With a love of songwriting since schoolmates, they were rejected by the gatekeepers of the day (Soho's English Tin Pan Alley). So chanced their luck with a newly formed band they saw perform live in a pub. Giving them one standout that a few months later was Number One.
Ken Howard and Alan Blaikley, as London's Times attests, 'never lost their belief that songwriting was an art in which the best results were achieved collectively'.
Later citing this exchange. Which you can imagine from a pairing adept at gliding the other's point to another, whilst finishing each others sentences in complete comfort.
“Alan and I have known each other for so long that we have developed an intuitive empathy that allows us to short-cut the creative process,” Howard noted.
“It’s like a rally in tennis, keeping ideas in play which individually one might have discarded,” Blaikley added.
“Then you examine what you’ve got and you can tell at once if it’s a winner.”
I've chaired countless 'better idea generation' sessions over video these past few years.

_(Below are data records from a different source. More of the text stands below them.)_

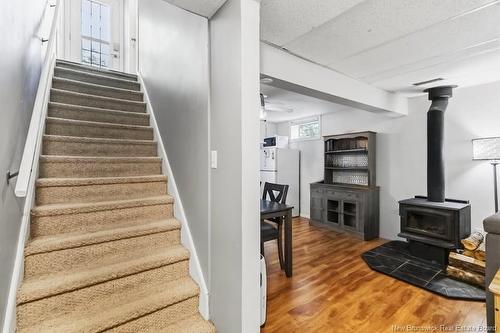 625 Rue Latour, Dieppe, NB 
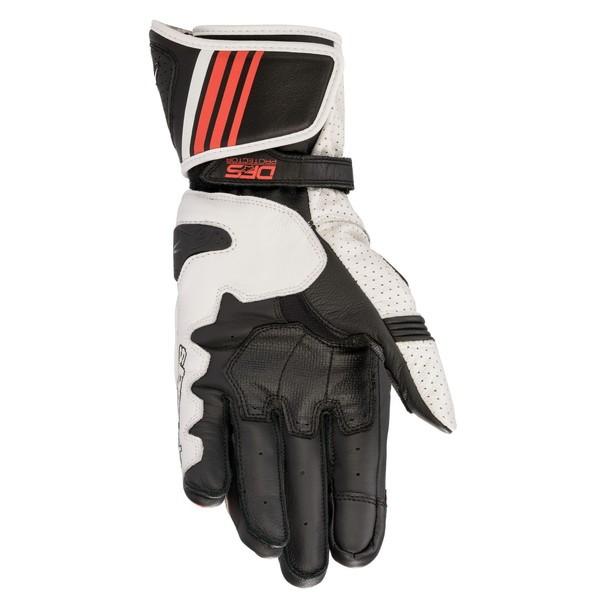 アルパインスターズ（alpinestars） GP PLUS R V2 GLOVE（1304 BLACK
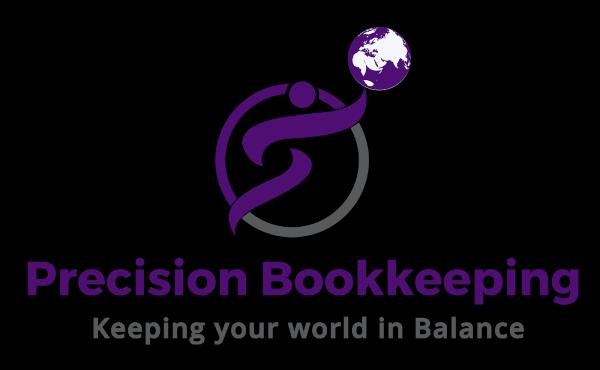 Precision Bookkeeping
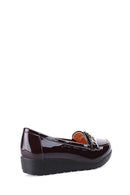 Kadın Ayakkabı | Derimod Kadın Ayakkabı | Derimod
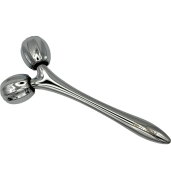 Ihr Geschenk - Biotherm Jaw Roller Tool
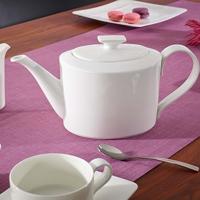 VILLEROY & BOCH - Modern Grace - Melkkannetje 6-pers.0,22l - thumbnail
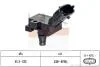 Датчик давления воздуха во впускном коллекторе Volvo S60/S80/V60/XC70/XC70 1.993.248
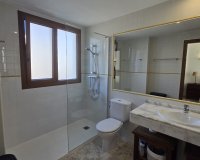 Resale - Apartamento - Punta Prima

Some attendees come pre-amped to dismiss group brainstorming as a total waste of time.
Yet it needn't be.
Here, you get a glimpse into how. Especially when you and your colleagues may have a history strangely bereft of 'intuitive empathy short-cuts'.

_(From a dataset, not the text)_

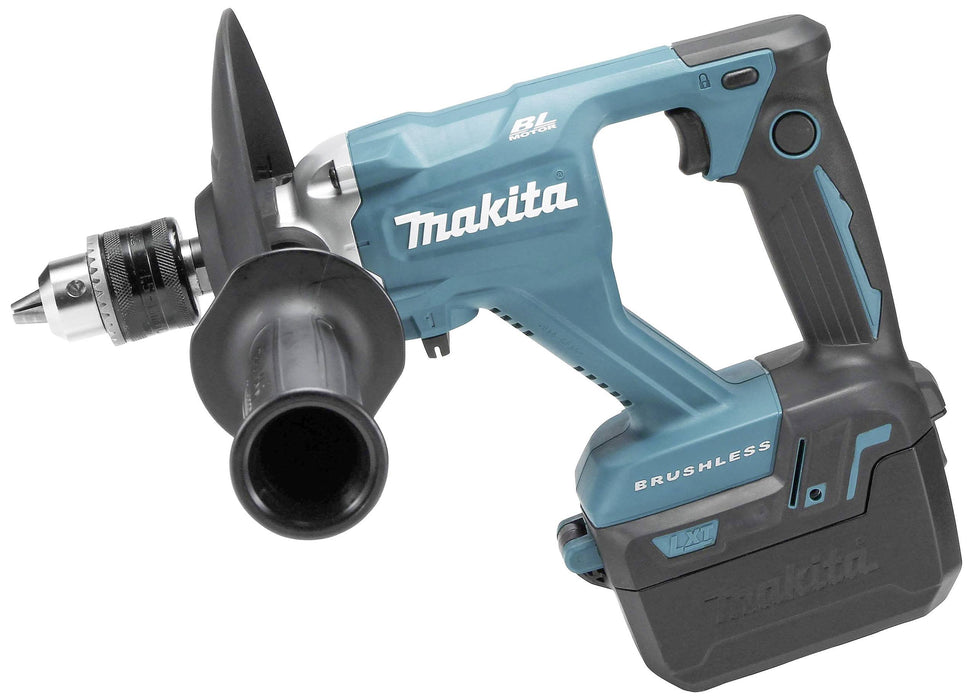 EAN 0088381876247 - Makita DUT131Z no categorizado imagen 2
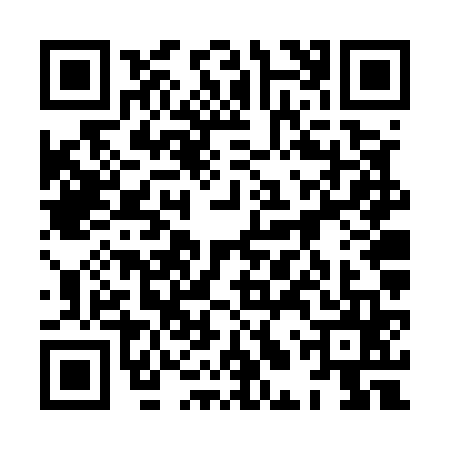 QR code for 8LVU659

Take this pair of criticisms of brainstorming as most know it.
No idea is too stupid. (Except when it is too stupid.)
The 'team' always triumphs. (Except that personal creations alone are always better.)
Both can be minimised with these writers' approach.
What their experience shows, is that it pays not to discard any thought as you progress.
There's plenty of advice around keeping going for as long as you've got. Regardless of any perceived quality of output.
The fact remains that during a session you can pursue what might seem dead-ends. Remix them. Take one somewhere weird. Mash a couple up together.
Try never to cut down an idea the moment it germinates. Certainly not without seeing where the seedling might sprout.
To 'play around with them' is to adopt the proven tactic of allowing them to breed.
It's so often not the first idea. So why stop without iteration?
Once pausing a session along these lines, you can then truly have a clearer view and a real winner emerging.